Pero no son sólo pobres los que no tienen dinero. Somos pobres cada vez que nos aferramos a nuestras seguridades y nos declaramos independientes de Dios. Nos empobrecemos justo cuando empezamos a sentirnos seguros de lo que somos (moral, espiritual o profesionalmente), de lo que tenemos (dinero, bienes, honores) o de lo que carecemos (trabajo, una vida diferente, etc).
Por eso la pobreza cristiana (el desprendimiento) es una escuela de libertad y sabiduría, de la que nunca nos graduamos.
La pobreza libera nuestro corazón para usar con libertad todo lo que tenemos (bienes, títulos, dinero) y compartir con nuestros afectos, sin aferrarnos a ellos.
"AQUEL DE USTEDES QUE NO RENUNCIA A TODO LO QUE TIENE, NO PUEDE SER MI DISCÍPULO..."
En el cristianismo, la pobreza se ha desnaturalizado en el momento en que se institucionalizó como parte de un proyecto de vida específico. La pobreza no es privativa de los consagrados. Todos los cristianos estamos llamados a vivir en clave de pobreza cristiana.

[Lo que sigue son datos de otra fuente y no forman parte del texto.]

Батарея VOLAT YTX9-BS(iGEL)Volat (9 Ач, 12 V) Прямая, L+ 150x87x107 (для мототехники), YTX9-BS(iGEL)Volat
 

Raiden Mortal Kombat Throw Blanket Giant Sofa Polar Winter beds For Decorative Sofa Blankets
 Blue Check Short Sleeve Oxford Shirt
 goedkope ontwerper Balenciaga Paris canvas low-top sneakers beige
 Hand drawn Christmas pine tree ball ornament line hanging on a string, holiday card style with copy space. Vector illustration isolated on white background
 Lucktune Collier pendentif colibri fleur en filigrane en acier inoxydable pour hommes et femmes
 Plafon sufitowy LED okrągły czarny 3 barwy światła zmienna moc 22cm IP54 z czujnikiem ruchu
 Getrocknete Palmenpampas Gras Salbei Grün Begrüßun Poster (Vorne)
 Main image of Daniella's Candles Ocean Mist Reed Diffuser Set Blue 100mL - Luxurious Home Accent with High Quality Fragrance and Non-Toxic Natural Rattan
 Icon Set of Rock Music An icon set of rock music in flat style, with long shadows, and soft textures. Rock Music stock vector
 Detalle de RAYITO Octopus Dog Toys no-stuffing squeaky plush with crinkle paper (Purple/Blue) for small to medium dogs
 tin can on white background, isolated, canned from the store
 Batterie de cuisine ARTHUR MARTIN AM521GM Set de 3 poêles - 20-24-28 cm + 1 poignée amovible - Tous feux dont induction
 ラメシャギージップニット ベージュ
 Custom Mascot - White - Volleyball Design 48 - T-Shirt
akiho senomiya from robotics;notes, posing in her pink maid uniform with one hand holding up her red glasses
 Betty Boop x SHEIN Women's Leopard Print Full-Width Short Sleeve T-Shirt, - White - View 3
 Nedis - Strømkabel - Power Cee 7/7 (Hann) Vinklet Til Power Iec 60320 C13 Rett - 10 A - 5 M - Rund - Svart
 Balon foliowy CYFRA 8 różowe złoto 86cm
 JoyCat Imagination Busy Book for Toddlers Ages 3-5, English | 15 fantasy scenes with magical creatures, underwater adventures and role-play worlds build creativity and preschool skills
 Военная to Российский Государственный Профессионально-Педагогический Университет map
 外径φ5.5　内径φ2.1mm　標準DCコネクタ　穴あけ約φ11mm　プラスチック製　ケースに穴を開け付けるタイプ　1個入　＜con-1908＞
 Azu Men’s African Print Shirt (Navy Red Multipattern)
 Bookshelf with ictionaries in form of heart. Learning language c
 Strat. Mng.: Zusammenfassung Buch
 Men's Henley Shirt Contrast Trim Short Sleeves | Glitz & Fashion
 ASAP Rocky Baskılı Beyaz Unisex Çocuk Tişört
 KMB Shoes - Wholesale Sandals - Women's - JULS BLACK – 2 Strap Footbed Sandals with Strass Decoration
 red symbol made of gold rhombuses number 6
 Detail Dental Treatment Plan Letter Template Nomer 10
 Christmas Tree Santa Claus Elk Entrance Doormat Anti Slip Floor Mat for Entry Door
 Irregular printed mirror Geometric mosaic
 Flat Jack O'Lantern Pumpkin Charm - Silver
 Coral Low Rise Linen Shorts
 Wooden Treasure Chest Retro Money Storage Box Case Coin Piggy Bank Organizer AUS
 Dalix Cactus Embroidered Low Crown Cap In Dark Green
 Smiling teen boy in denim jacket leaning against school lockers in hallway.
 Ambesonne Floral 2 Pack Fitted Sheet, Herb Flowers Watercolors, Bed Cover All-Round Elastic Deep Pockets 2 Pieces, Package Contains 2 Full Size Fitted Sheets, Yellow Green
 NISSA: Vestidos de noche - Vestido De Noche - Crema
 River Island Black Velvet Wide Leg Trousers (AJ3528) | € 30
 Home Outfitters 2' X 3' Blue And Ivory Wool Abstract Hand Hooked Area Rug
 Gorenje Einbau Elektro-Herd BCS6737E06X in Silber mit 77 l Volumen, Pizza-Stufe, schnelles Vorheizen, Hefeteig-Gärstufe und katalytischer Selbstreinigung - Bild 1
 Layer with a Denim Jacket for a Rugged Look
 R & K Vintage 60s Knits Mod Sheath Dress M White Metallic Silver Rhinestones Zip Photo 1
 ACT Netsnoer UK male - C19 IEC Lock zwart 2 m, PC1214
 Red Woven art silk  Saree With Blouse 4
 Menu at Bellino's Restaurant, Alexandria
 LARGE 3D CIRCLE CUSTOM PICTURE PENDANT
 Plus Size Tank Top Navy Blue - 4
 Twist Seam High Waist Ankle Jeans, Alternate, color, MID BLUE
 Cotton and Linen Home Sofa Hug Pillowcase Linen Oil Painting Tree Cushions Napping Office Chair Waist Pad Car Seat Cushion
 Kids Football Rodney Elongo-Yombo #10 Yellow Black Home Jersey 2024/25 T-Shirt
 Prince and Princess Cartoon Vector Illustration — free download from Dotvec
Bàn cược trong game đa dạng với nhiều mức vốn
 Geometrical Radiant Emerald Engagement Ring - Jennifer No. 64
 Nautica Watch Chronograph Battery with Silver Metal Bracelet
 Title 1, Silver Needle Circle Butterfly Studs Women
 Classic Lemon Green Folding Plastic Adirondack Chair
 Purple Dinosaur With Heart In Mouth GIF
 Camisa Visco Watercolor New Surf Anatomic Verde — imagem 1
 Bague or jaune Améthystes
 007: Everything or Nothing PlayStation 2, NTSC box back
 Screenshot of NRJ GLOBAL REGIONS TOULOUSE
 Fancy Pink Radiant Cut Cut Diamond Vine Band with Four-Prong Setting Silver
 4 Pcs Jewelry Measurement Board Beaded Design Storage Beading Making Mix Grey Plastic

Pobre no es quien no tiene nada, sino quien administra con libertad y generosidad aquello que le fue dado para bien de todos...
En definitiva, esta pobreza es una de las claves de vida del Proyecto de Jesús, el proyecto del Reino. Porque la pobreza alienta la fraternidad. Siendo pobres es cuando necesitamos pedir ayuda (a Dios, en primer lugar, y a nuestros hermanos, después), y allí se crean oportunidades para crear comunión.
POBREZA, FRATERNIDAD, COMUNIÓN... tres pilares de las nuevas relaciones humanas a las que Jesús nos invita a vivir en su Reino.